Goal of the exercise = Beneath this sentence is a listing. Return its lines from the one containing "كيا فورتي 2010 - صورة 2" through the last, exactly, and omit the pictures.

*** Dataset excerpt ***

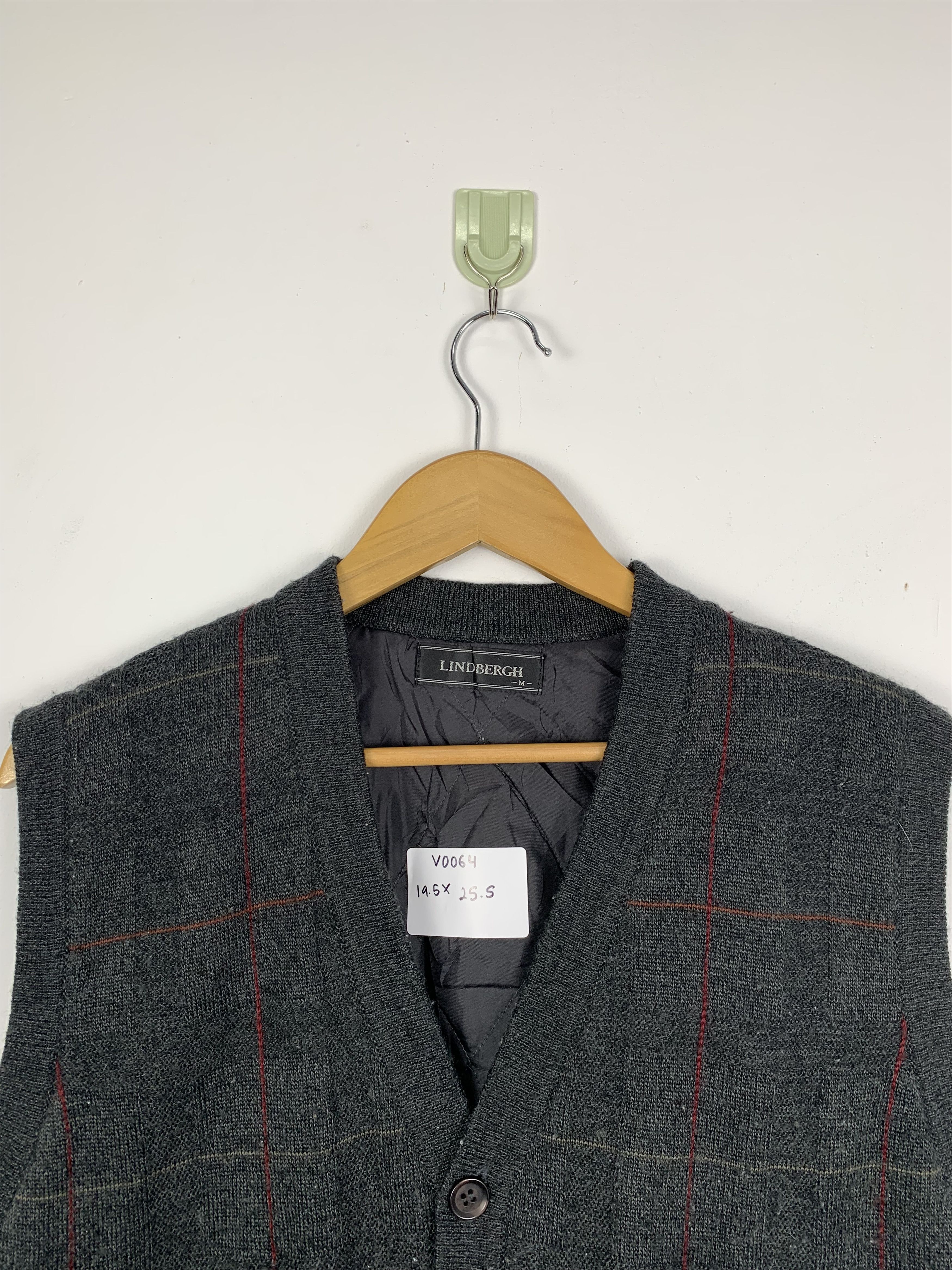 Lindbergh Vintage LINDBERGH Knitwear Checkered Button Vest Size US XS / EU 42 / 0 - 2 Thumbnail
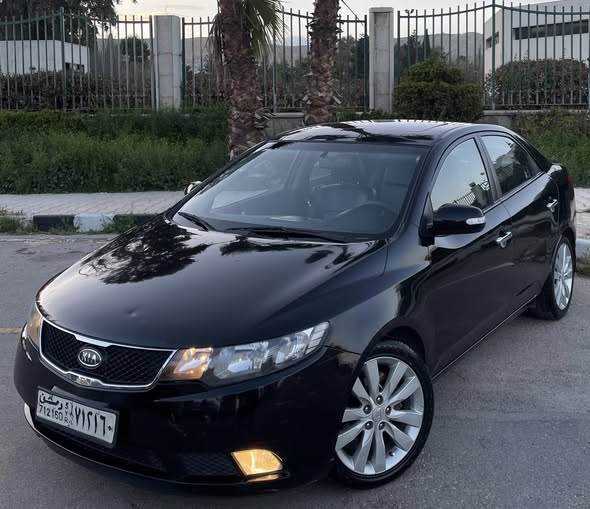 كيا فورتي 2010 - صورة 2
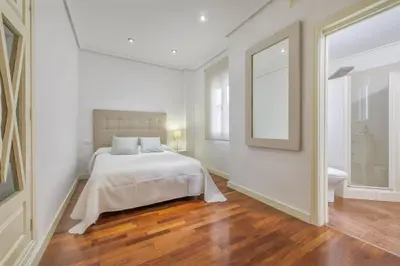 Cama o camas de una habitación en Apto Gran Capitán Center II - Parking Incluido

*** End of Dataset excerpt ***

Solution for this exercise =
 كيا فورتي 2010 - صورة 2
 Cama o camas de una habitación en Apto Gran Capitán Center II - Parking Incluido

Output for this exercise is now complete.